What is required
The pictures stay out; everything else in the entries below must be returned exactly.
[Extracted entries]
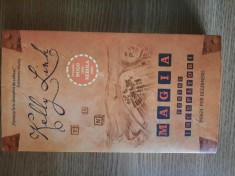 MAGIA PENTRU INCEPATORI &ndash; KELLY LINK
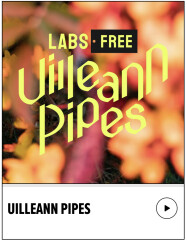 Spitfire Audio Uilleann Pipes
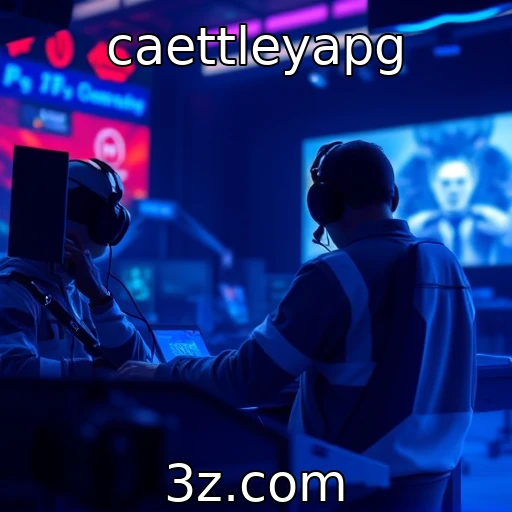 Campeonatos de e-sports: a evolução das apostas e suas estratégias - caettleyapg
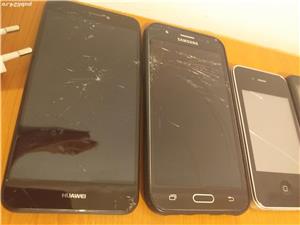 8 Telefoane mobile diferite:5 Nokia,Huawei P9Lite,Samsung,Iphone 4S - imagine 5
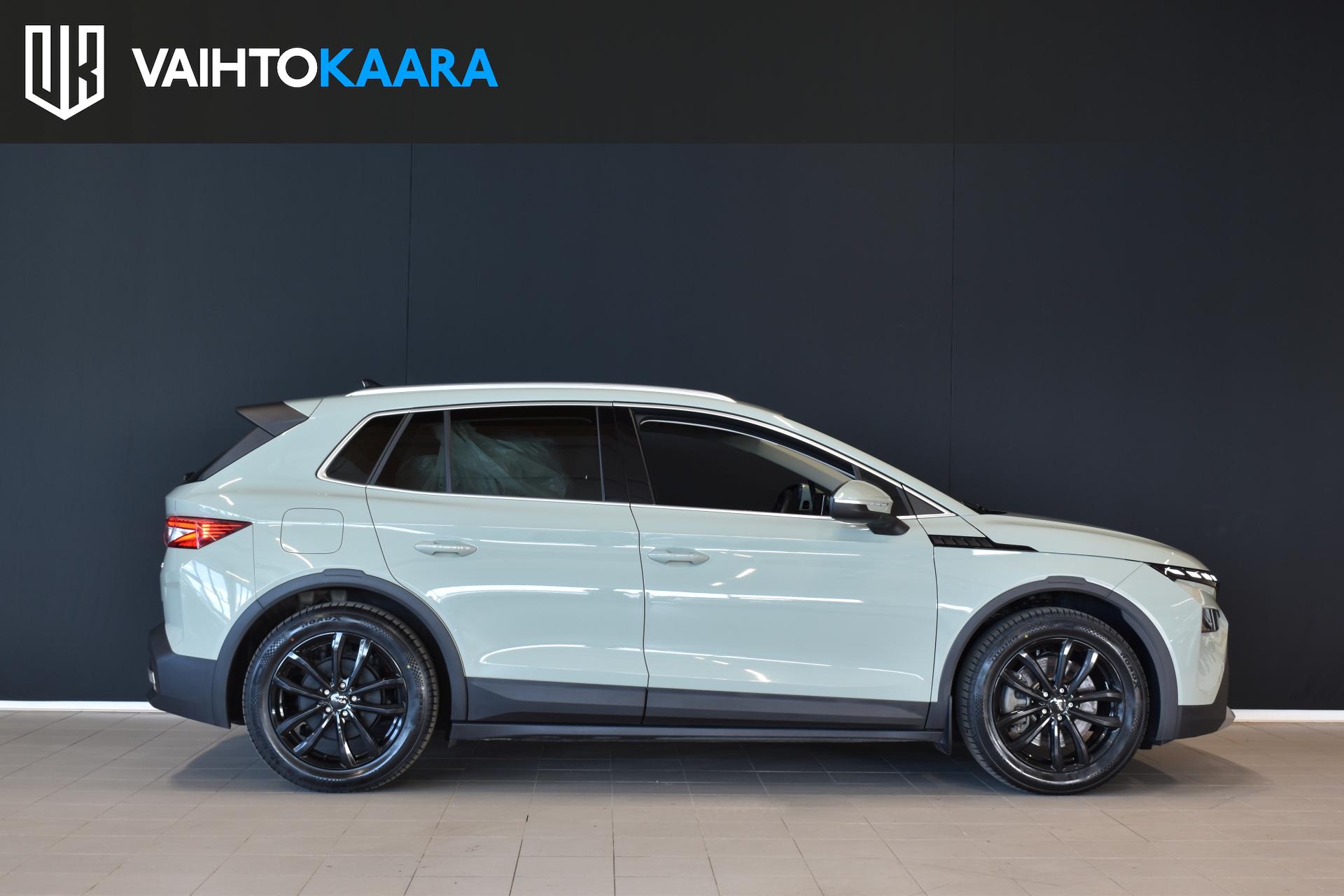 SKODA Elroq 2025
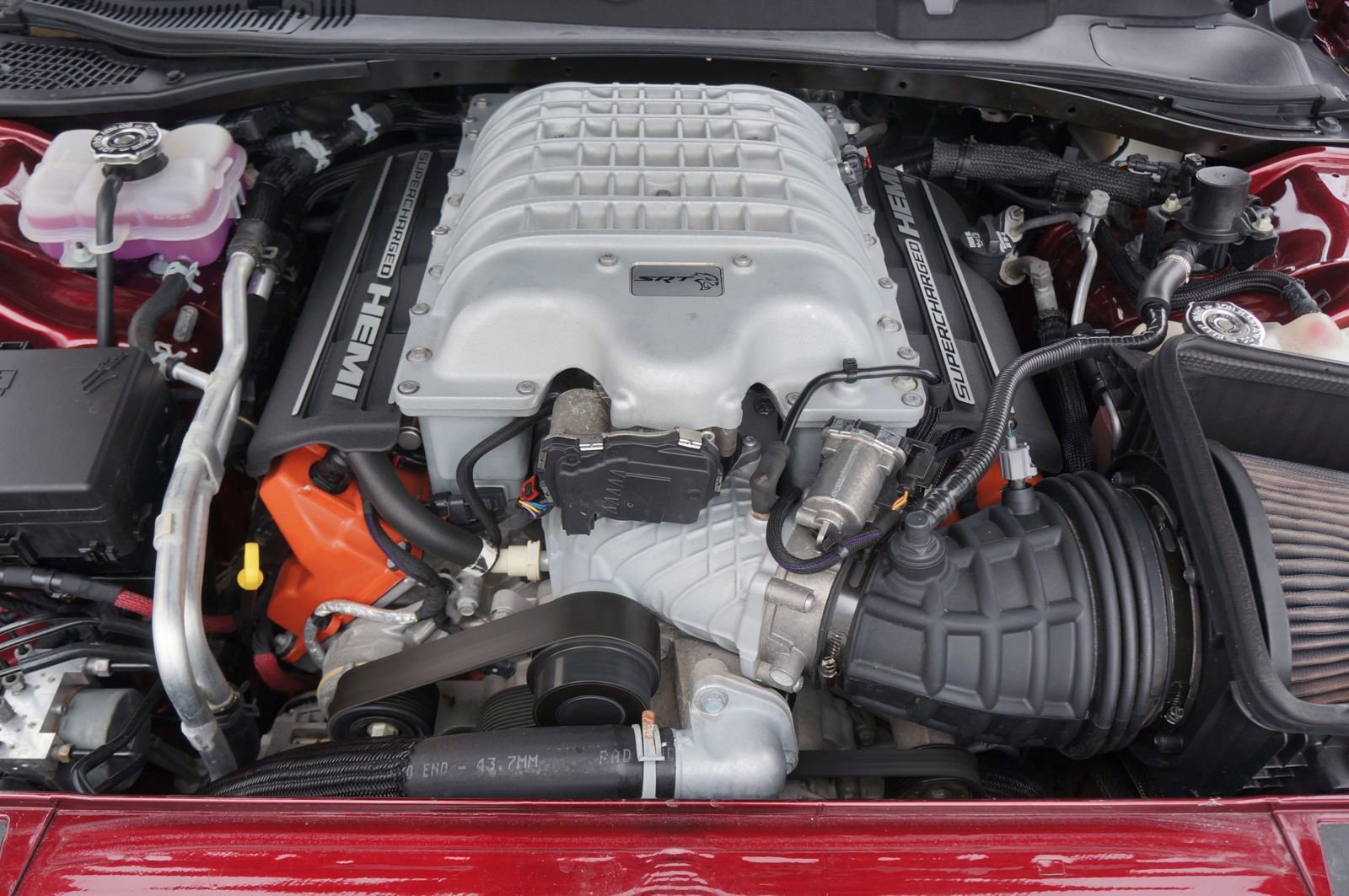 Used 2019 Dodge Challenger SRT Hellcat image 22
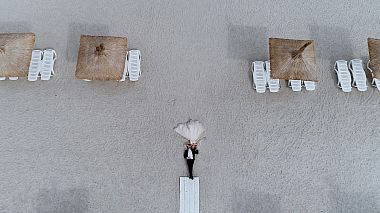 Videographer Adrian Lazar from Bukurešť, Rumunsko - Andreea + Carlo - Trash The Dress Vimeo, drone-video, wedding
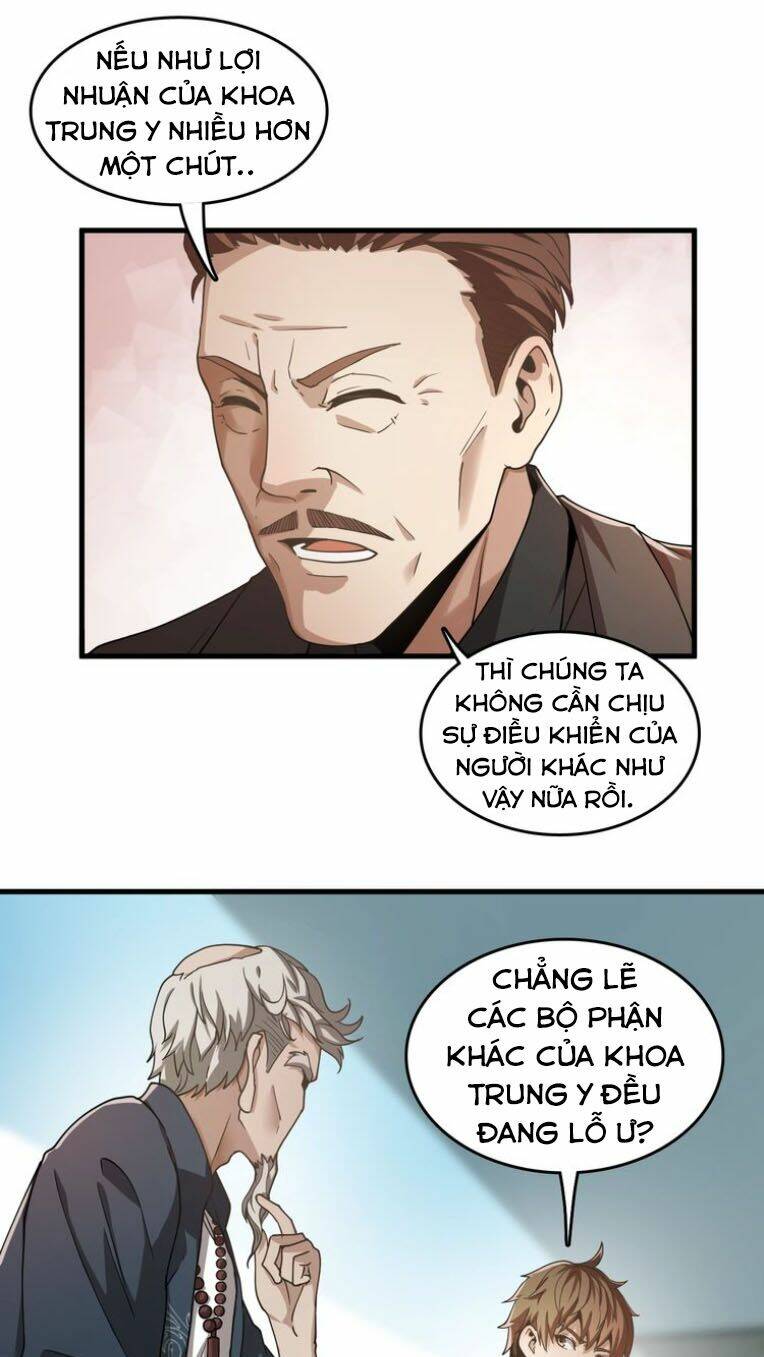 Trọng Sinh Tiểu Y Tiên Chapter 27 - Trang 2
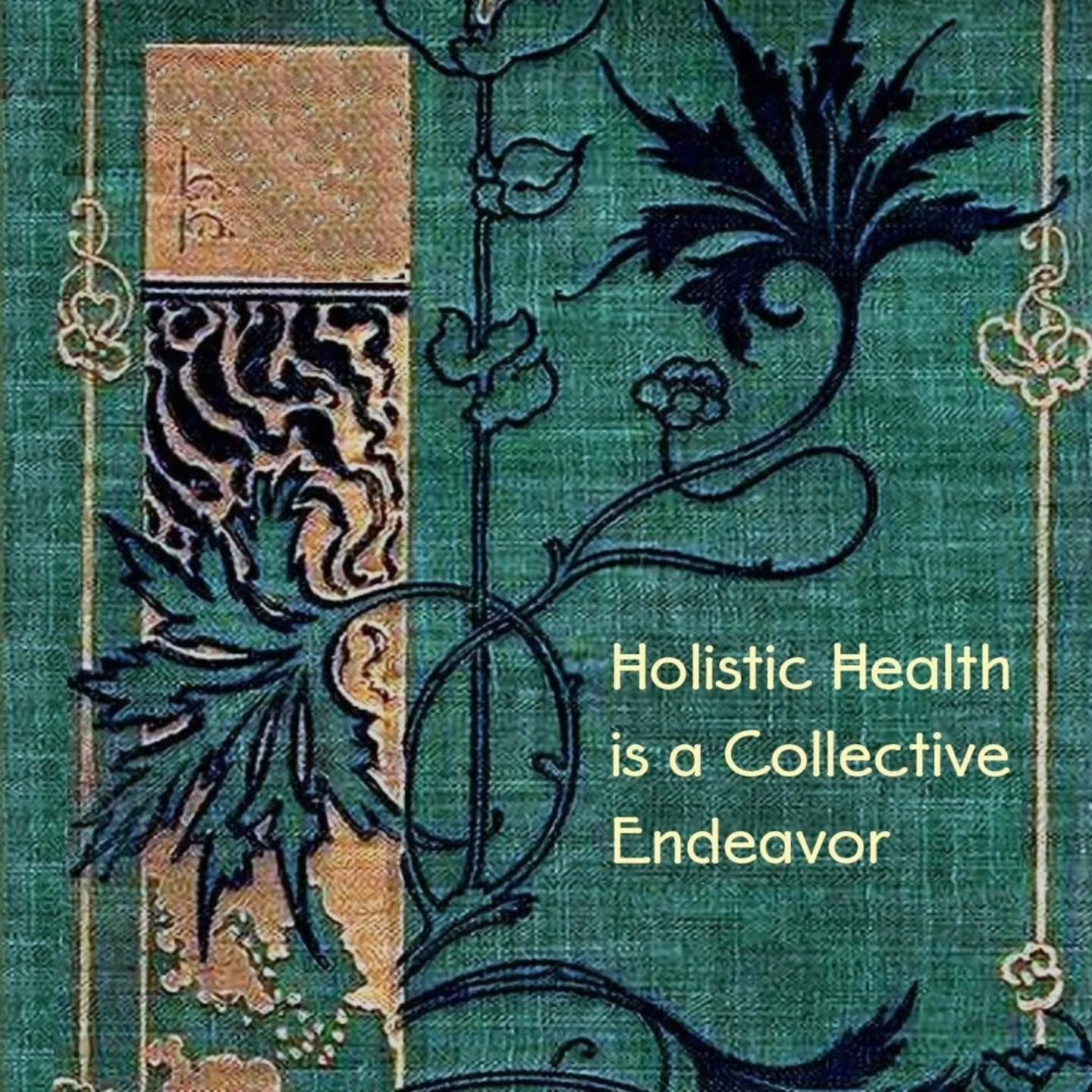 There has always been community care. From the our most distant hominid ancestors, to the early emergence of our species down until today. Humans, like other animals in social groups, care for each other instinctively. We understand that mutual care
[/Extracted entries]
Written solution
 MAGIA PENTRU INCEPATORI &ndash; KELLY LINK
 Spitfire Audio Uilleann Pipes
 Campeonatos de e-sports: a evolução das apostas e suas estratégias - caettleyapg
 8 Telefoane mobile diferite:5 Nokia,Huawei P9Lite,Samsung,Iphone 4S - imagine 5
 SKODA Elroq 2025
 Used 2019 Dodge Challenger SRT Hellcat image 22
 Videographer Adrian Lazar from Bukurešť, Rumunsko - Andreea + Carlo - Trash The Dress Vimeo, drone-video, wedding
 Trọng Sinh Tiểu Y Tiên Chapter 27 - Trang 2
 There has always been community care. From the our most distant hominid ancestors, to the early emergence of our species down until today. Humans, like other animals in social groups, care for each other instinctively. We understand that mutual care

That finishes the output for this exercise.